[Start of Attachment]

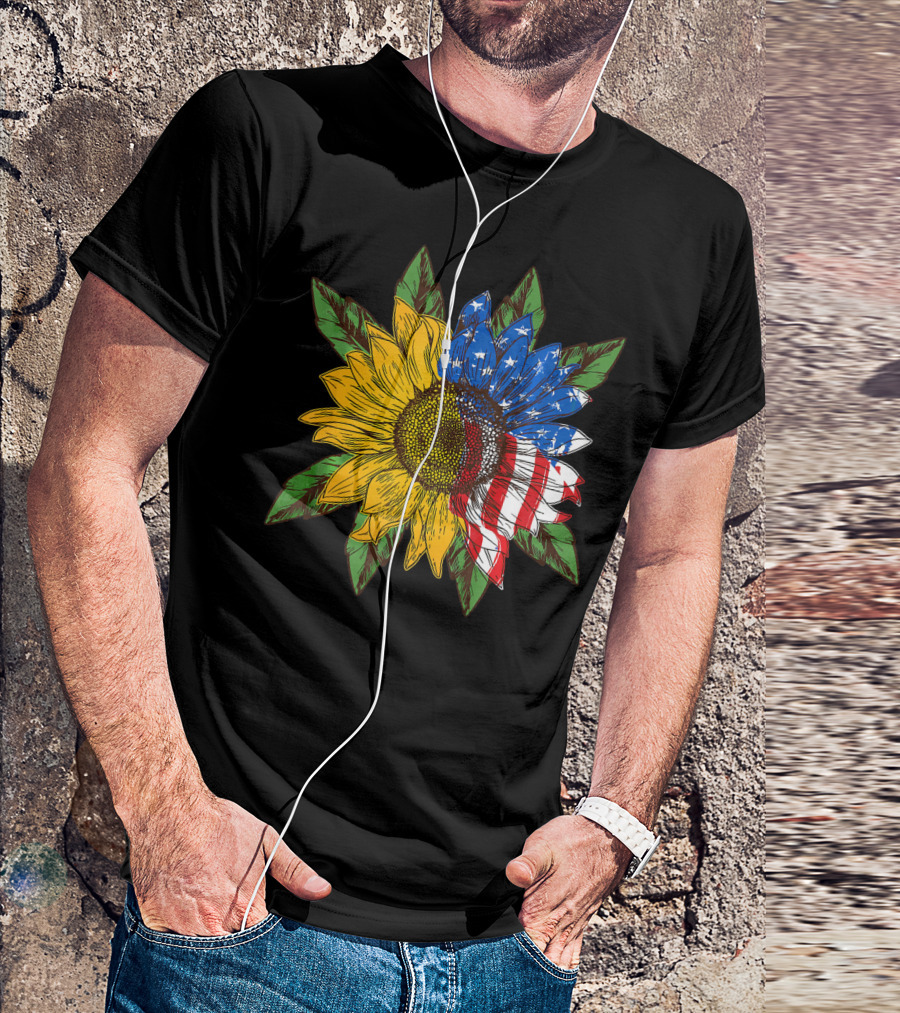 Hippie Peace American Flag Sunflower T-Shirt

[End of Attachment]
[Start of Attachment]

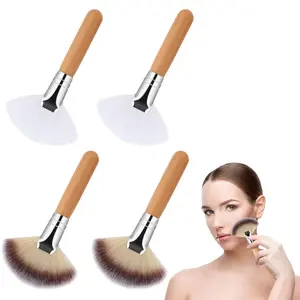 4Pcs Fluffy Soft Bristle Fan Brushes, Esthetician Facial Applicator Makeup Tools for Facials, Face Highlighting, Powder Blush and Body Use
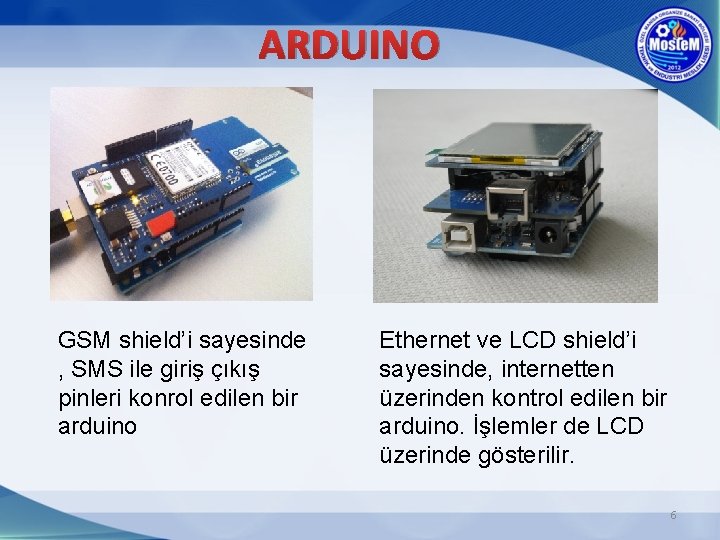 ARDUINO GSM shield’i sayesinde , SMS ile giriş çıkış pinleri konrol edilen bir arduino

[End of Attachment]
[Start of Attachment]

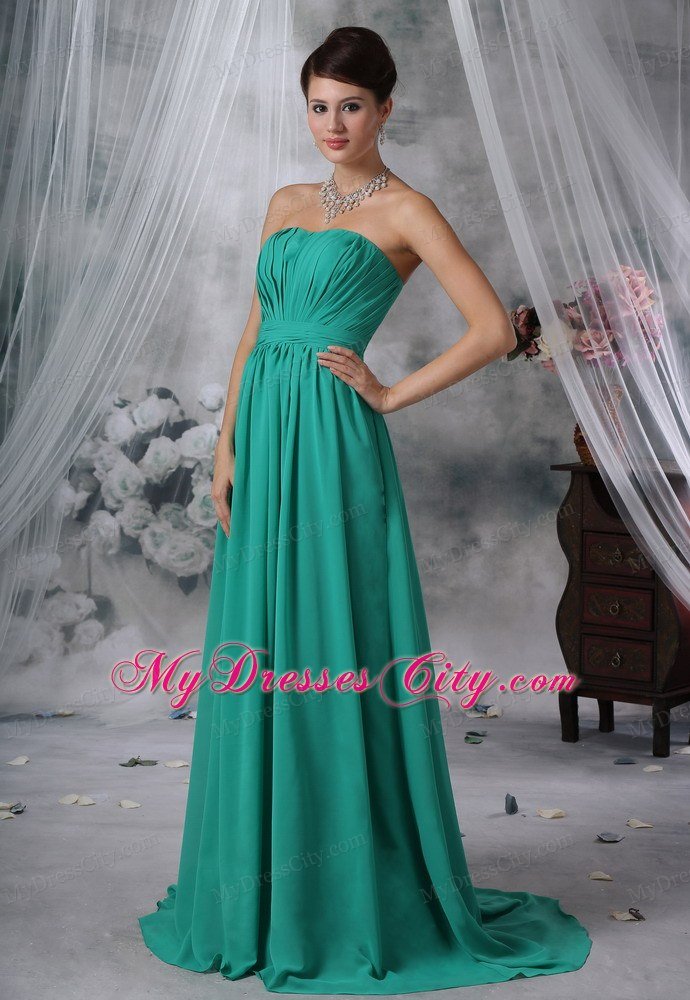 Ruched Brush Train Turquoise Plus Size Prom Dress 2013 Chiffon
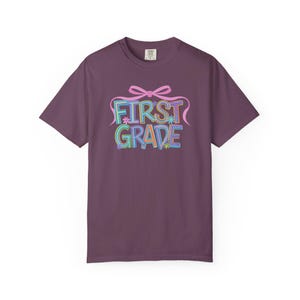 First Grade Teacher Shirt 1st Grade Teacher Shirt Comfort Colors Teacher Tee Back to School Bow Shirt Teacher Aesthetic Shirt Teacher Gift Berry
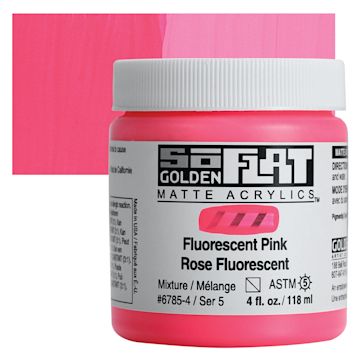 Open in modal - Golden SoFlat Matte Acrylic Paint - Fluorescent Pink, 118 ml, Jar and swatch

[End of Attachment]

ABOUT THIS EXERCISE:
In the listing above, find the line with "First Grade Teacher" and the line with "Open in modal". Copy both of them and every line between, exactly, but not the pictures.

ANSWER:
 First Grade Teacher Shirt 1st Grade Teacher Shirt Comfort Colors Teacher Tee Back to School Bow Shirt Teacher Aesthetic Shirt Teacher Gift Berry
 Open in modal - Golden SoFlat Matte Acrylic Paint - Fluorescent Pink, 118 ml, Jar and swatch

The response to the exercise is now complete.